Mike Barca

Personal information
- Full name: Miguel Barca
- Date of birth: January 30, 1954 (age 72)
- Place of birth: Newark, New Jersey, U.S.
- Position: Goalkeeper

Youth career
- 1971–1974: Fairleigh Dickinson University

Senior career*
- Years: Team / Apps / (Gls)
- 1975: Hartford Bicentennials / 1 / (0)
- 1976–1978: New Jersey Americans /  / (0)
- 1978–1979: Cleveland Force (indoor) / 10 / (0)

= Mike Barca =

American soccer player (born 1954)

Miguel "Mike" Barca (born January 30, 1954) is an American retired soccer goalkeeper who played professionally in the North American Soccer League, American Soccer League and Major Indoor Soccer League.

Barca attended East Side High School in Newark, New Jersey and Fairleigh Dickinson University where he played on the men's soccer team from 1971 to 1974. He was a 1974 Honorable Mention (third team) All American and graduated in 1975 with a bachelor's degree in mathematics.

Barca turned professional in 1975 with the Hartford Bicentennials of the North American Soccer League.

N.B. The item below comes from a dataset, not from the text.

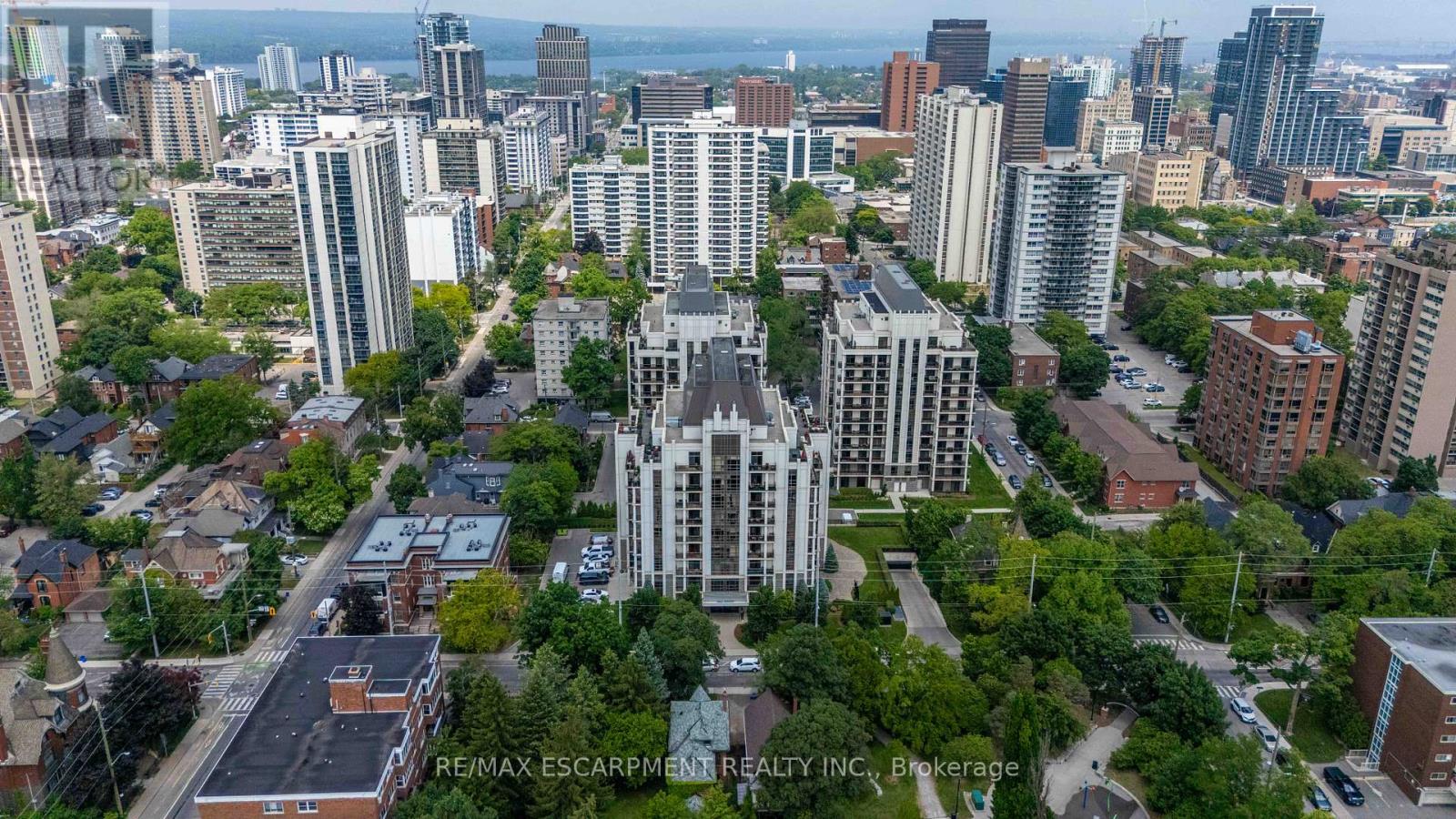 Photo 20 of 409 90 Charlton Avenue W, Hamilton ON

In 1977, he joined the New Jersey Americans of the American Soccer League] where he played two seasons. In 1978, he signed with the Cleveland Force of Major Indoor Soccer League. Barca retired from professional soccer in 1980. In April 1982, Monchik Weber hired Barca as a program manager. In 1984, he moved to AT&T where he held a variety of management positions over the next twenty-two years. He became an independent contractor in 2007.